More people are leaving California than are moving there. In 2018, almost 700,000 people left the state, compared to only about 500,000 moving in.
In 2019, nearly 200,000 people moved out of California — and this mass exodus is expected to continue. But it’s not just people who are leaving the state; many businesses have left California, as well.
In 2018 and 2019, an estimated 660 California companies moved out. Research completed by Joe Vranich, a business relocation expert, found that between 2008 and 2016, roughly 13,000 companies left California, equating to a loss of 275,000 jobs and over $75 billion.
In 2019, California was ranked dead last on Chief Executive Magazine’s list of “Best and Worst States for Business,” with Texas ranking first.
So what happened to cause so many to leave such an amazing place?
At the top of the list are the fiscal problems that are devastating California. The state has the highest sales tax rates in the nation and among the highest income tax rates. Depending on local sales tax jurisdictions, the total tax rate can be as high as 10.25 percent and income tax rates can reach 13.3 percent.
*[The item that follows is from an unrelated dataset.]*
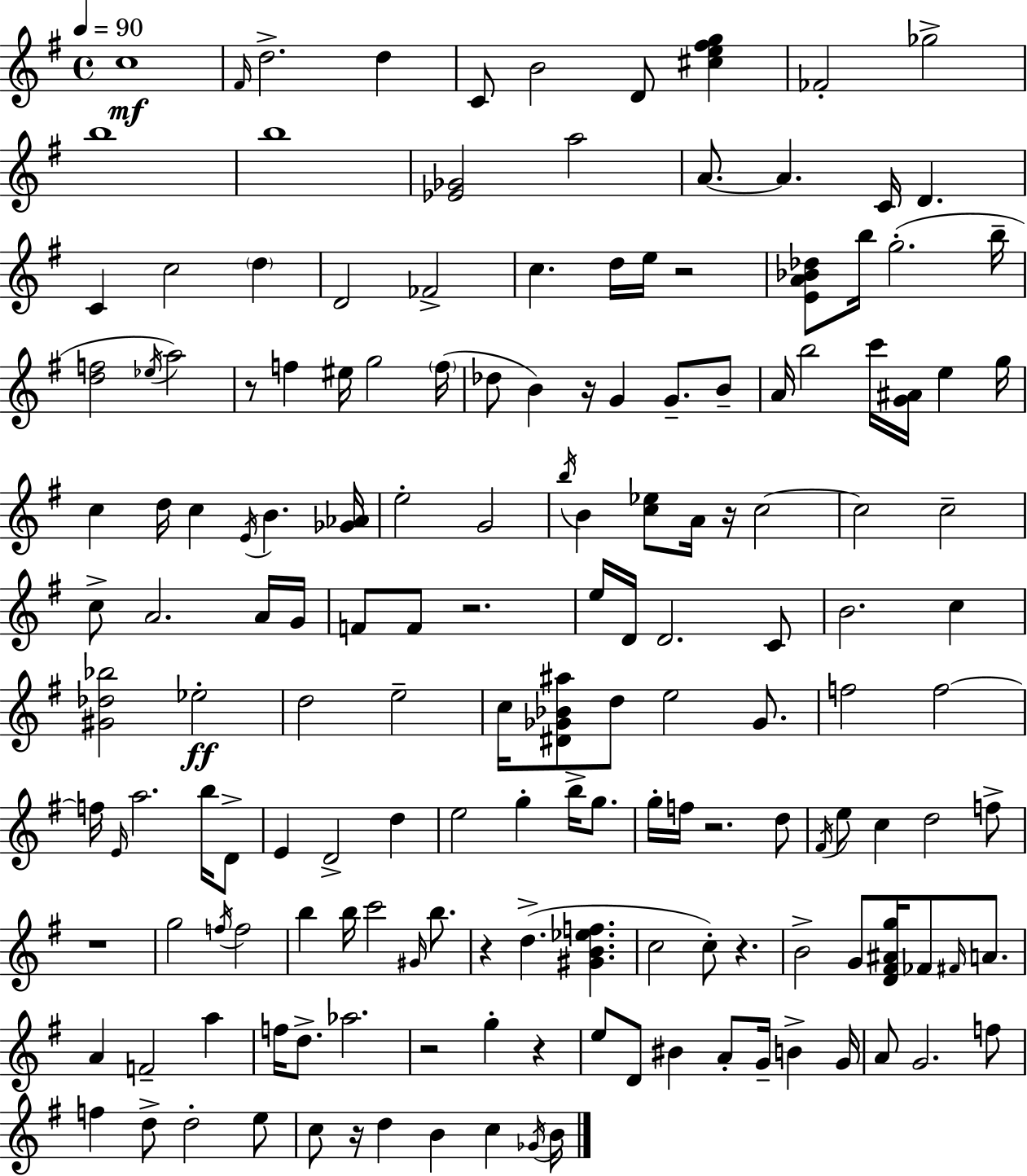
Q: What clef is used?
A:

Businesses cite regulatory burdens and high taxes among their reasons for leaving. California is one of the few states that taxes small business owners from both sides — on the pass through income and the business itself.
If the taxes don’t break the bank, then the skyrocketing housing costs will.
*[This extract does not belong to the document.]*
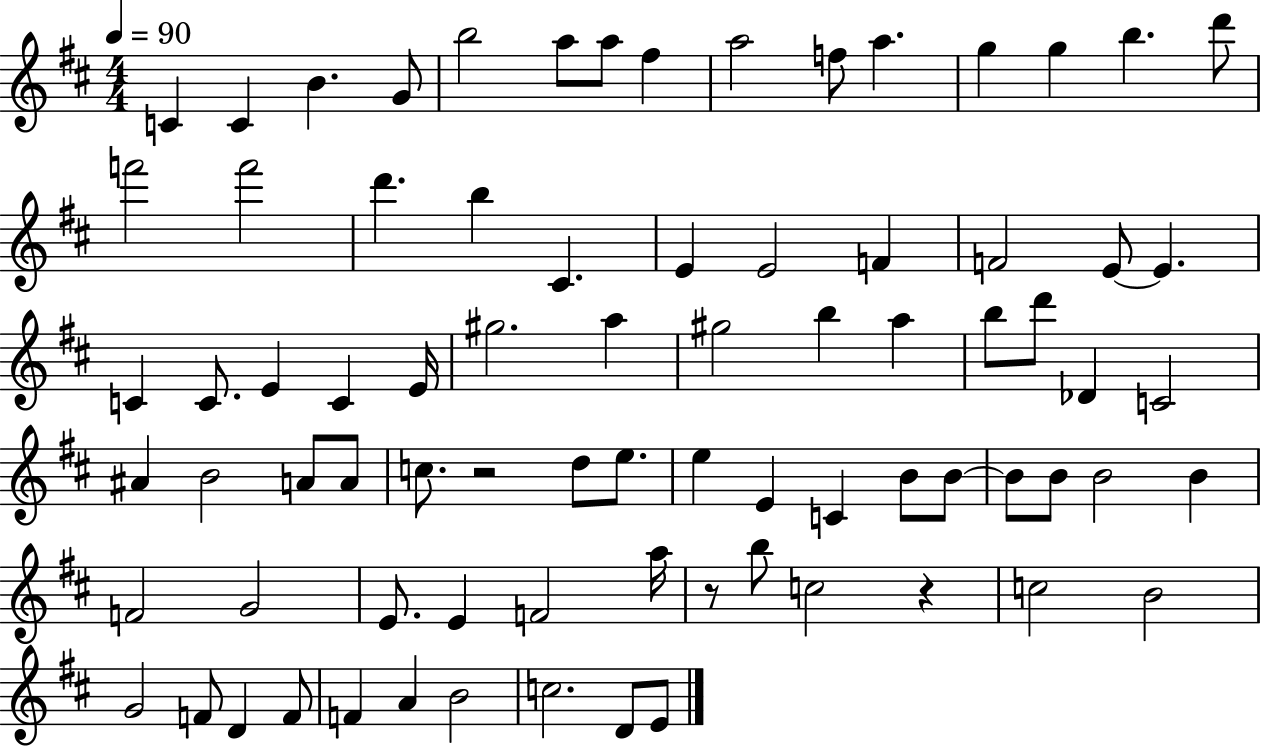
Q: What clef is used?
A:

Recent estimates suggest that it costs $800,000 to build a home in California and only $300,000 to build that same home in Texas. Across the United States, housing costs for the poor pose a problem, but in California, the housing costs are now a middle-class problem, too.
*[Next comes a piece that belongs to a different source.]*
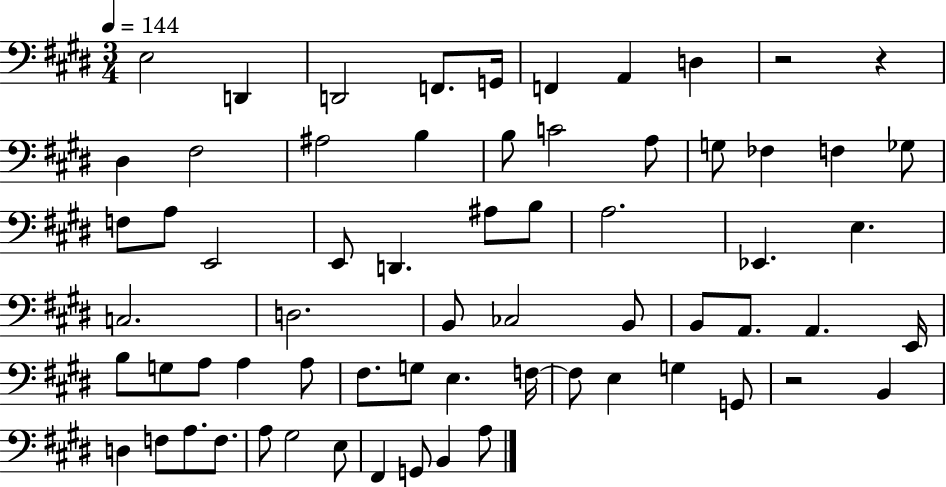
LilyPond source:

As rent and homeownership costs increase, fewer people can afford to live in the state, leading them to leave — or turn to the streets. As the homeless population rises, California is faced with a public health, environmental and safety disaster. The Democratic-majority government in California has liberalized drug laws and wasted taxpayers money on ineffectual homelessness programs.
In 2016, for example, Los Angeles raised $1.2 billion to build housing for the homeless. The plan was to build 10,000 apartment units, but in reality, they could build only half of that because of high building costs.
I was a little girl when California first stole my heart. As I grew up, I found any reason I could to visit. Whether it was Young Life camps or visiting friends, I could never go long without traveling to The Golden State.
On more than one occasion, I seriously considered moving to Southern California. As I watch what is happening there now, it saddens me. I am heartbroken for the many families and businesses who have called this place home but under current conditions are being forced to leave.
I feel sorry for friends who have to watch the beauty of their state fade as the sight of trash and human feces becomes more common on the streets. I also fear for our nation. I worry that many are manipulated by leftist Democrats’ narrative and emotional persuasion that their policies are loving and more accepting than the right’s.
But the data isn’t on their side. It isn’t caring when families are displaced because they can no longer afford their homes. It isn’t helping small business owners, their employees and their families when regulatory demands are so great that they cannot start or continue a business.
California needs to take a hard look at the facts, including the number of people and businesses leaving the state. The state government should look at other states to which businesses are relocating, such as Texas, and see what is being done in those states to draw businesses in.
If California wants to see economic growth, it is vital to stop the assault on small businesses. In order to keep people from leaving, California must address the housing crisis — which encompasses the homelessness crisis, too.
Americans cannot turn a blind eye to the problems plaguing California. We must learn from its mistakes and its failed left-wing policies to ensure we don’t repeat them.